The FT has been charging for online content for many years - but in 2007 it adopted its current model which has three elements to it.
Anonymous visitors to the site can just see headlines and read one article per month, those who register but don't pay are allowed 10 articles a month, and then there are the paying customers who get everything, including an iPhone app.
What's interesting is that the middle group, those who register but don't pay, are still proving lucrative. The 1.9 million people registered users have given some very basic information such as their job title.
That's enough, according to Mr Grimshaw, to allow the FT to run a targeted advertising and marketing operation with high yields.
But surely a newspaper with a very specialist and wealthy audience is in a far better position to charge than those with less valuable content?
Rob Grimshaw says newspaper publishers are putting too low a price on their journalism:
"The number of people who can write great quality content day in, day out is really very small - that's why journalism is a profession. For all that's going on in the blogosphere and with user generated content publishers still have a grip on the majority of the best writers in the world."
He admits it won't be easy for papers that have been giving away their content for 10 years to start charging but insists it is feasible. In any case the existing advertising-funded model has been strained to breaking point.
One of the giants of the advertising industry Sir Martin Sorrell told an FT conference this week that consumers were going to have to learn to pay for things online because there was simply not enough advertising available to fund all the content.
Of course there is a way of getting through the paywall at FT.com using Google - but unlike many in the newspaper world Rob Grimshaw isn't going to war with the search giant:
"The choice is in the hands of publishers - we could switch off our content on Google tomorrow.

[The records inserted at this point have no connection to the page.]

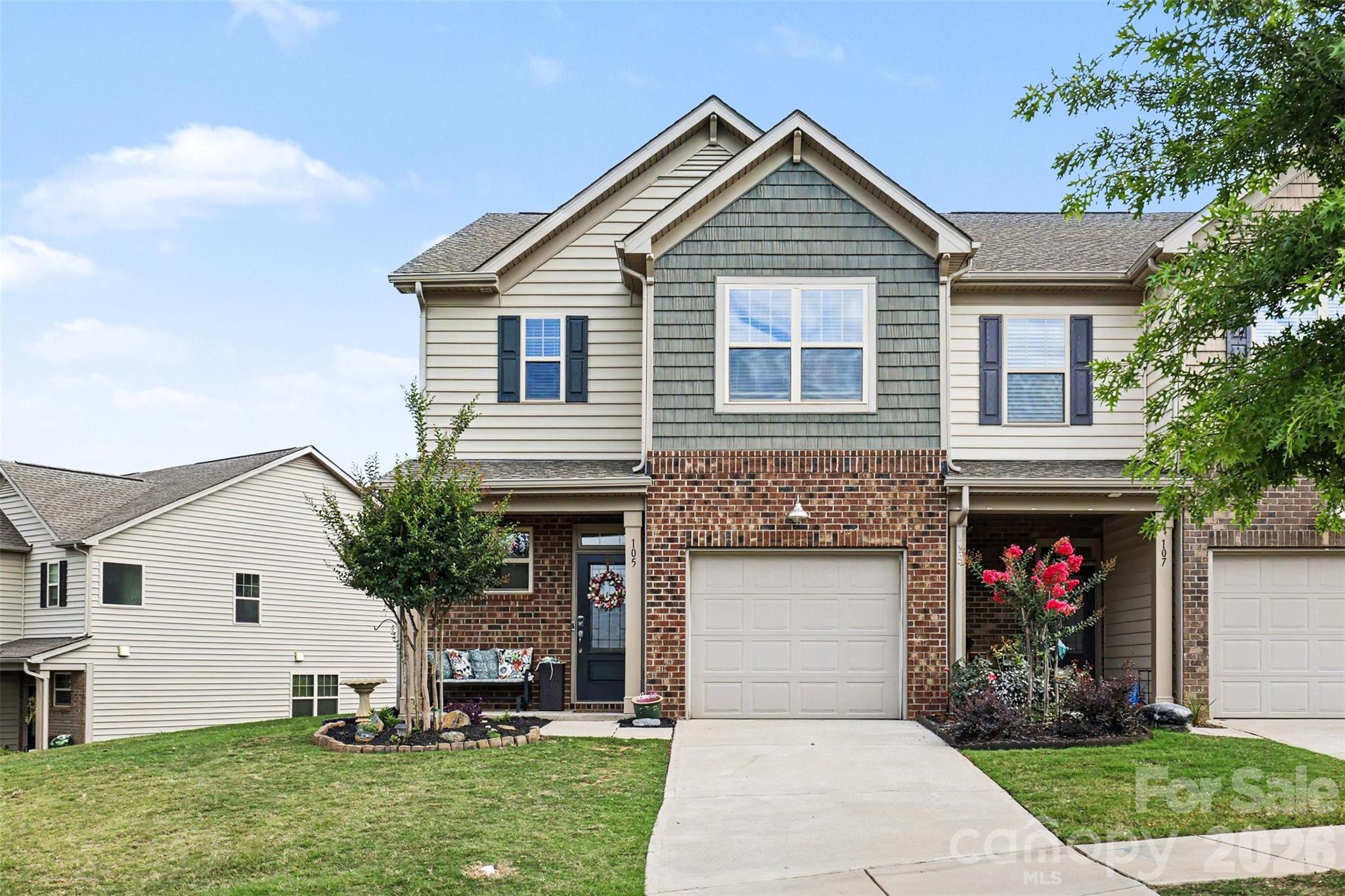 105 Tigris Trail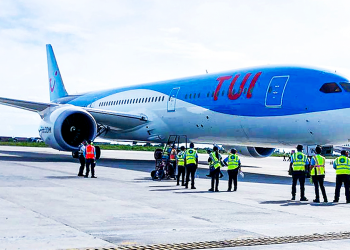 In November TUI Airways will recommence its flights to Guanacaste - Travel News, Insights & Resources.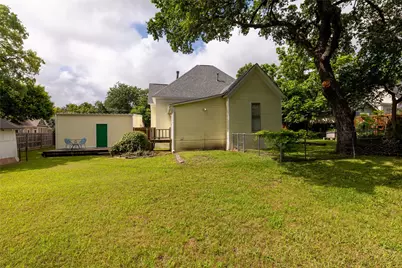 412 W Josephine Street, Weatherford, TX 76086 - Photo 29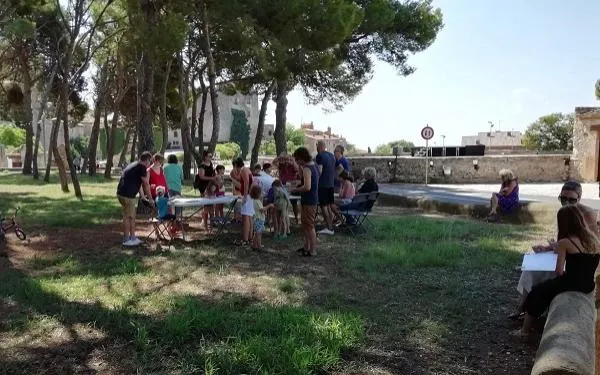 Foto: Altafulla Ràdio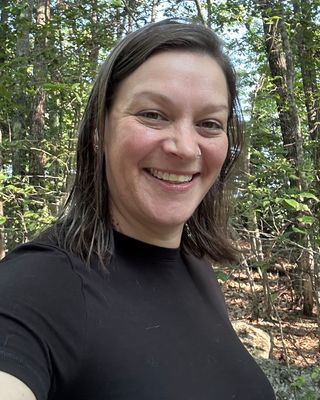 Photo of Erin Little, Licensed Clinical Professional Counselor, LCPC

If our content wasn't listed on Google we'd have to find another way to acquire traffic."
He says newspapers need to think about the huge amount of traffic they get from Google and how they can better extract value from it.
So the message from the FT is give your readers quality journalism, get to know them much better, stop worrying about Google - and start charging for your content.
Simple really - but don't forget that it took the Financial Times more than a decade of trial and error to get it right.